(Brief descriptive captions)
========

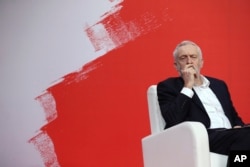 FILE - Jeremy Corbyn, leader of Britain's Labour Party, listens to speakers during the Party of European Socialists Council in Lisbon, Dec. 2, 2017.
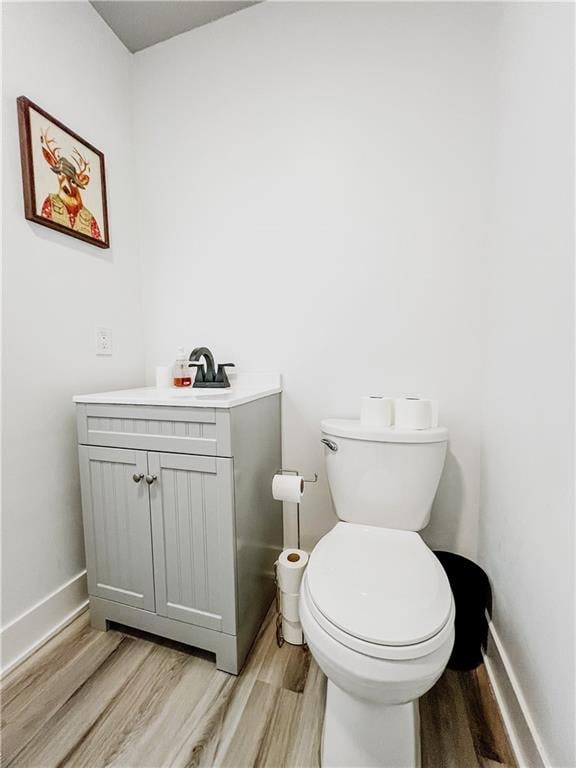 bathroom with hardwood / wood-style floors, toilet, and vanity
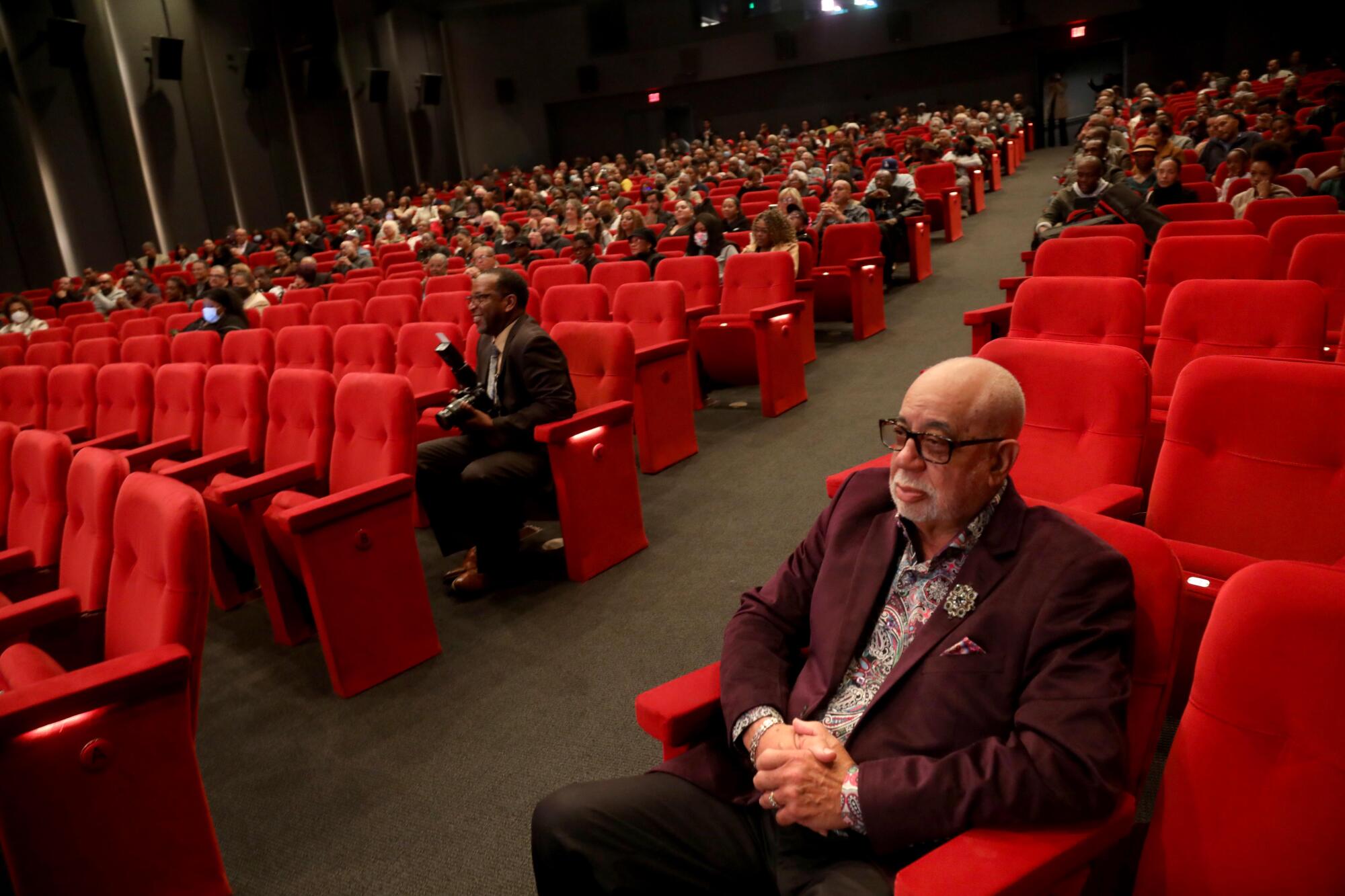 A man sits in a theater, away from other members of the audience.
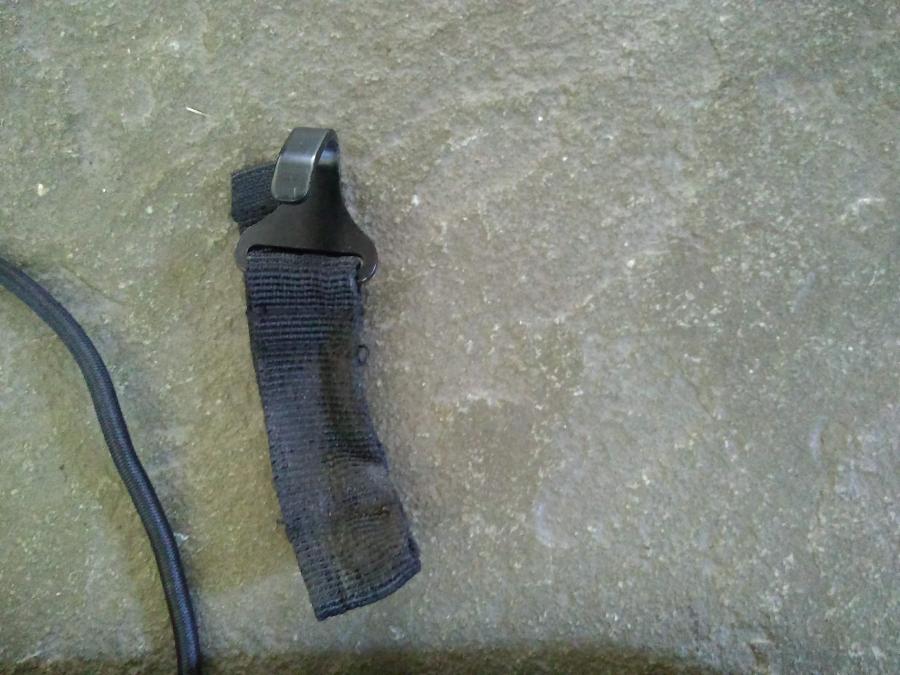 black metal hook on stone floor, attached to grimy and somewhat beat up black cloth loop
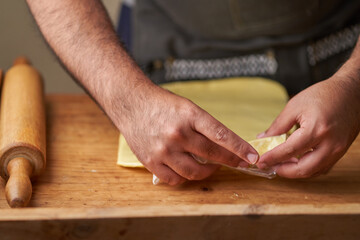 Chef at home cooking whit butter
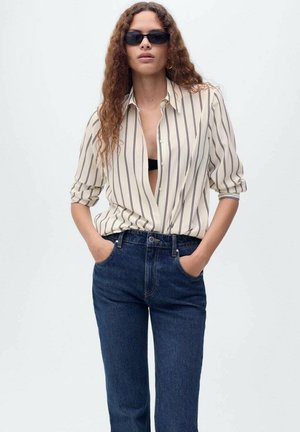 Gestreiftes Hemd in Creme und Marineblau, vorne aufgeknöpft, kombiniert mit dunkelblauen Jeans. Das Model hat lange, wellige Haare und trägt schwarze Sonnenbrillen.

========

TASK TO CARRY OUT
If a line falls between the one containing "black metal hook" and the last line of the entries above, both included, reproduce it exactly; leave the pictures out.

PROBLEM SOLUTION
 black metal hook on stone floor, attached to grimy and somewhat beat up black cloth loop
 Chef at home cooking whit butter
 Gestreiftes Hemd in Creme und Marineblau, vorne aufgeknöpft, kombiniert mit dunkelblauen Jeans. Das Model hat lange, wellige Haare und trägt schwarze Sonnenbrillen.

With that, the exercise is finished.